Friday, May 20, 2011

Bowie to Bowie

A man gets thrown against a wall and onto the sidewalk by two unarmed policemen.  Police in much of Europe do not carry guns or Tasers, they just knock the shit out of you old school.  I cross the street and snap a photo while moving down to the next bar with some college students that just finished their exams.  It’s an unfortunately slow night throughout Dublin.  The bar we go to is named Coppers, and most of the patrons are either nurses or cops.  The cops are all working overtime for the Queen’s visit.  I leave the fellas at the next bar and try to find my way back to the Pub where I left my hoodie; I'm not quite resigned to giving it up yet.  I find a wool blanket on the street and pick it up; fate.  Why not just sleep in the street?  The city is on lockdown anyway and most Hostels are filled-up.  I find my hoodie then stop for a beer on the sidewalk with a group of homeless men.  We discuss homelessness, sleeping outside and fear of the police.  One gets a phone call.  There's a huge protest across town where the Queen had laid a wreath earlier.  I hoof-it at lightning speed; the thrill of a righteous protest is exhilarating.  I approach the park.  Distant sirens are heard.  I see a few uniformed officers, but my search for youth on the streets is in vain.  The phone call is likely a prank, or misinformed, no one is there.  The days of protests occurred before I reached Dublin by train.  Others are likely to occur, but no one can ever get within a mile of the Queen.  I take my blanket and find a bush; my luck is good, it doesn't rain.

They're spending millions on the cost of the Queen’s visit.  Bombs have been found on busses.  There are constantly helicopters hovering over the city.  It’s all a show of intimidation.  The police are everywhere, blocking alleyways and standing on street corners.  I've seen female officers in pants 4-sizes too large.  Perhaps they're cadets!  Every manhole cover and utility hatch in the sidewalk has been welded shut to prevent the placement of bombs.  At least the cost of the Queens visit is less than the royal wedding.

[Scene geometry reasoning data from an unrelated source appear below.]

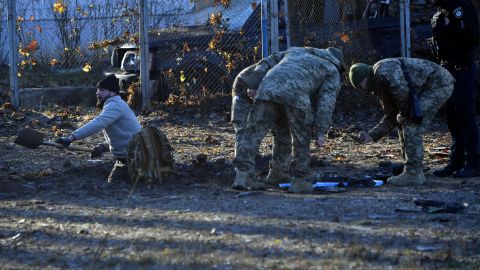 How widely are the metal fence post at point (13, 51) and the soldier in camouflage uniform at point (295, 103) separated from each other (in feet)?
22.4

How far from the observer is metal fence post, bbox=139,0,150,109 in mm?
13547

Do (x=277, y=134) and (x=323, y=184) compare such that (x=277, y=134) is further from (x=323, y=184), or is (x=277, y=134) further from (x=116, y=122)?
(x=116, y=122)

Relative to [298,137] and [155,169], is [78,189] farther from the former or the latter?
[298,137]

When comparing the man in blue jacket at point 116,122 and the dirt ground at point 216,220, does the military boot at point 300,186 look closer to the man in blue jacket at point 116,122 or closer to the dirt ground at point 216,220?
the dirt ground at point 216,220

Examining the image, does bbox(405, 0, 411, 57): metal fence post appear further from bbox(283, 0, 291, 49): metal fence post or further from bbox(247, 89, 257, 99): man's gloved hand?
bbox(247, 89, 257, 99): man's gloved hand

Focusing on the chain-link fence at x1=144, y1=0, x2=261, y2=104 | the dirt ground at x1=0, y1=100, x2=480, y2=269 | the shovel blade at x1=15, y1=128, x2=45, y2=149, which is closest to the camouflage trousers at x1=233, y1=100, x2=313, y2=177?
the dirt ground at x1=0, y1=100, x2=480, y2=269

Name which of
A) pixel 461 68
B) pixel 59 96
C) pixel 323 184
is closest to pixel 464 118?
pixel 461 68

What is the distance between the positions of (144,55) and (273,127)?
18.5ft

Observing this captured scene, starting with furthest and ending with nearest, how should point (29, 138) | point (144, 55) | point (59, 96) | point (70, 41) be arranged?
point (70, 41) < point (59, 96) < point (144, 55) < point (29, 138)

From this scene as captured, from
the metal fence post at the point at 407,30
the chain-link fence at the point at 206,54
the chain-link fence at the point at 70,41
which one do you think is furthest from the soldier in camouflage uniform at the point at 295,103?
the chain-link fence at the point at 70,41

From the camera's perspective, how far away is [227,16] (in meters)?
14.8

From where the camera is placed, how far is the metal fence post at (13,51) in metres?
13.8

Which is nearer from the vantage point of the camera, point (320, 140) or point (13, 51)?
point (320, 140)

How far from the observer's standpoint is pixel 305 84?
779cm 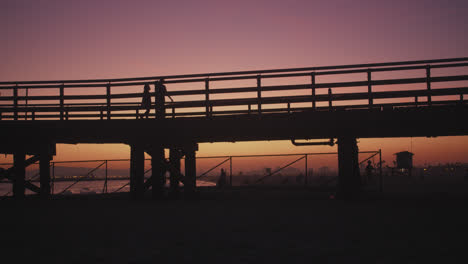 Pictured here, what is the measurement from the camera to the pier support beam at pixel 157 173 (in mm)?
14914

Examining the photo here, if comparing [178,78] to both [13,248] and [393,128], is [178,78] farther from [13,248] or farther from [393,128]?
[13,248]

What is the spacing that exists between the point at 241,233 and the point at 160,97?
727cm

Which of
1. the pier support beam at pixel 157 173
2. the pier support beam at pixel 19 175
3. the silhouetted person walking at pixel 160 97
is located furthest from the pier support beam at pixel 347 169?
the pier support beam at pixel 19 175

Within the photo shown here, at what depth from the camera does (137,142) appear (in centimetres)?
1526

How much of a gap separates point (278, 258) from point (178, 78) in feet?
30.1

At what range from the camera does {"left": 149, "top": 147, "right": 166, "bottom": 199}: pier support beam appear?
587 inches

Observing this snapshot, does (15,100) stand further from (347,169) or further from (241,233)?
(347,169)

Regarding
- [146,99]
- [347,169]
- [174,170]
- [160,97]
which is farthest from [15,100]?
[347,169]

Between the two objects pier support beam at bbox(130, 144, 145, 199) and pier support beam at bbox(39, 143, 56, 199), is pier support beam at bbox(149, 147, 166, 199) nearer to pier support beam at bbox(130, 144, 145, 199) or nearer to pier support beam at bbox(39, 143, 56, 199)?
pier support beam at bbox(130, 144, 145, 199)

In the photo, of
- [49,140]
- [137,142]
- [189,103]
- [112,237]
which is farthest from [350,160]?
[49,140]

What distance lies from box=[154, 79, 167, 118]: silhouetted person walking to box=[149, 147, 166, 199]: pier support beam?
1.40 metres

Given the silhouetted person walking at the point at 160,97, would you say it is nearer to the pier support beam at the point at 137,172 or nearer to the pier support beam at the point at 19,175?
the pier support beam at the point at 137,172

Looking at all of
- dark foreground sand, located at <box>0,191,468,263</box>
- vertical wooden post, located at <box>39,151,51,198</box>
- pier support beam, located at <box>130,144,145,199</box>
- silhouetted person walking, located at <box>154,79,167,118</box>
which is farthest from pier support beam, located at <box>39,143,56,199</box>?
silhouetted person walking, located at <box>154,79,167,118</box>

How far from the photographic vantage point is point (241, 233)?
27.5 feet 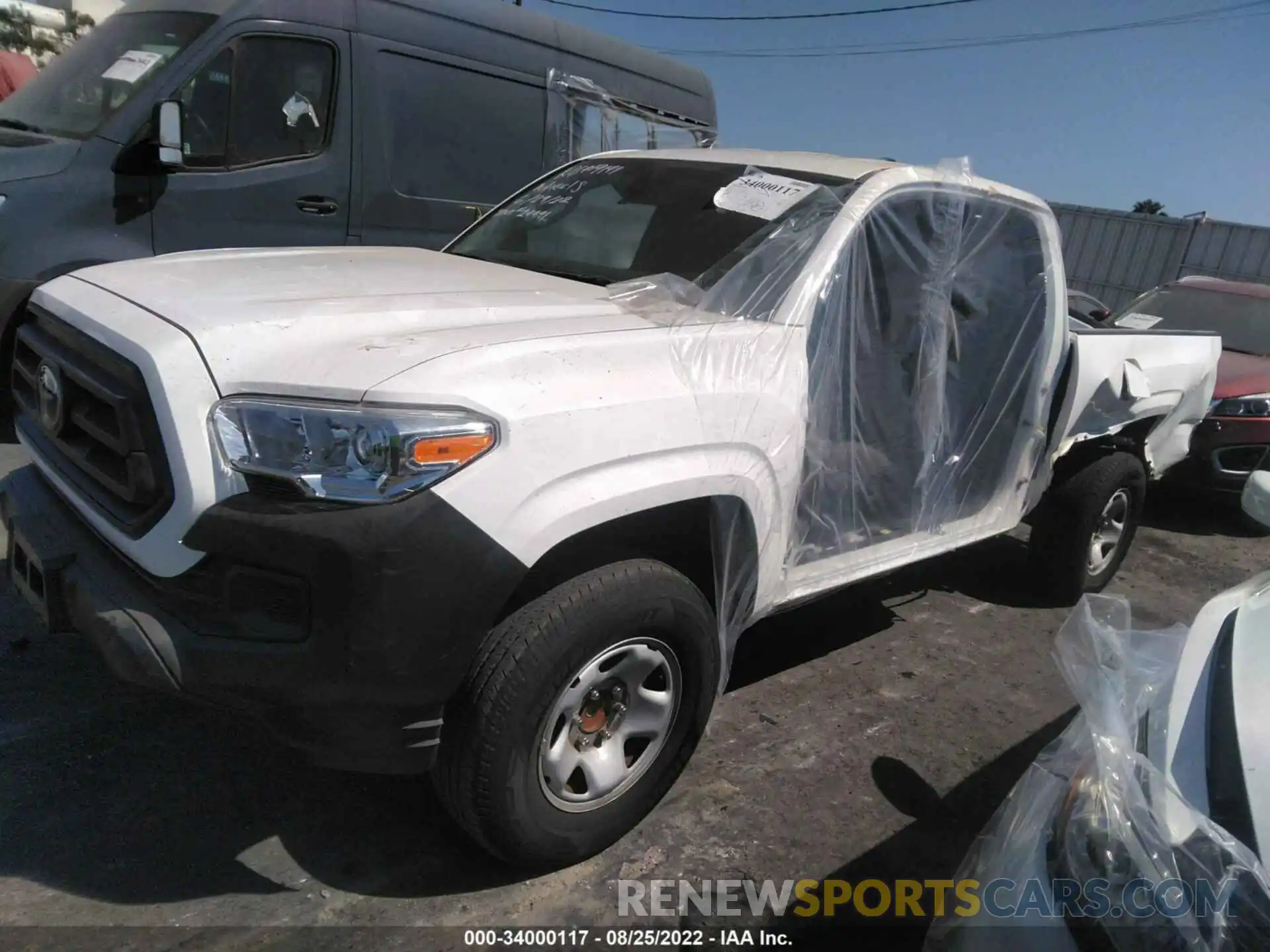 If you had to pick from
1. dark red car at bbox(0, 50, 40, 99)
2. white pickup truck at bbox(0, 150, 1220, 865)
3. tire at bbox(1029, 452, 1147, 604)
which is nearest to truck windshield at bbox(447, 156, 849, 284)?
white pickup truck at bbox(0, 150, 1220, 865)

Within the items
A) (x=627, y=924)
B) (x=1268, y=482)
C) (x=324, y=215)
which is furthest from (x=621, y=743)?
(x=324, y=215)

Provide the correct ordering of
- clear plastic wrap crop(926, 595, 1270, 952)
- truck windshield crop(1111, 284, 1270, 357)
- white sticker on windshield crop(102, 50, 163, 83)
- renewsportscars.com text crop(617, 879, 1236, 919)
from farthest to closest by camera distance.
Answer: truck windshield crop(1111, 284, 1270, 357) < white sticker on windshield crop(102, 50, 163, 83) < renewsportscars.com text crop(617, 879, 1236, 919) < clear plastic wrap crop(926, 595, 1270, 952)

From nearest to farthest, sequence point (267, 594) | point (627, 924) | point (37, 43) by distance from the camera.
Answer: point (267, 594)
point (627, 924)
point (37, 43)

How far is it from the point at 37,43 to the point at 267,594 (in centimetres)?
1834

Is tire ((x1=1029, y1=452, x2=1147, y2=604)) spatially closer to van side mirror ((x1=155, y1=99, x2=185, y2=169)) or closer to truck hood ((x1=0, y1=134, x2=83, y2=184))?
van side mirror ((x1=155, y1=99, x2=185, y2=169))

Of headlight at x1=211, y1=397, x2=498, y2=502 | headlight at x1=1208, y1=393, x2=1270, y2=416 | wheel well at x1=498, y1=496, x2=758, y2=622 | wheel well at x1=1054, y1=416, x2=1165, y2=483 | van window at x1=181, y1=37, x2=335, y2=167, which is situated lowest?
headlight at x1=1208, y1=393, x2=1270, y2=416

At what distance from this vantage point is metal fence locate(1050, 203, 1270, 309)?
587 inches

I've found a few very Portlandia bars in Dublin.  They serve their own house lager and have an extensive organic menu during the day, with many vegetarian options.  At night they have live music on three floors.  One of the bands is a two piece group, one on guitar, the other on drums.  The drummer has braces.  They play all original songs in a Bowie fashion.  Their music is loud.  Actually, many of their songs are about David Bowie.  They dress like the clash and together can't weigh more than 220 lbs.  At the end of their set, the singer strikes the symbols with his guitar, distorts his amplifier, and drops his instrument onto the stage floor.